* [Description of the task]
Set down the data below without change, skipping the pictures it holds.

* [Data provided]
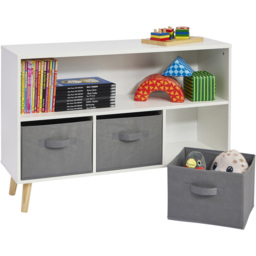Liberty House Toys Kids Shelf and Fabric Bins Storage - White - Wilko - thumbnail 6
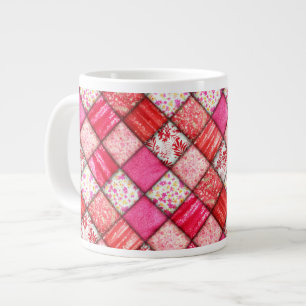 Grande Tasse Motif de courtepointe Red Faux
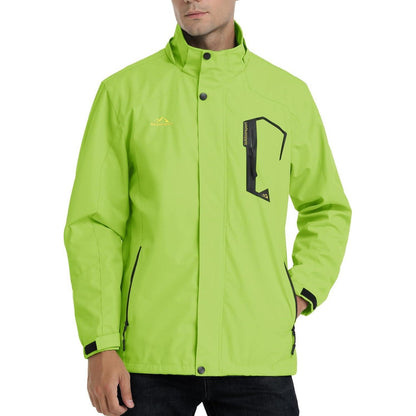 Herren Outdoorjacke Wasserabweisend Neongrün mit Kapuze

* [Answer to this task]
Liberty House Toys Kids Shelf and Fabric Bins Storage - White - Wilko - thumbnail 6
 Grande Tasse Motif de courtepointe Red Faux
 Herren Outdoorjacke Wasserabweisend Neongrün mit Kapuze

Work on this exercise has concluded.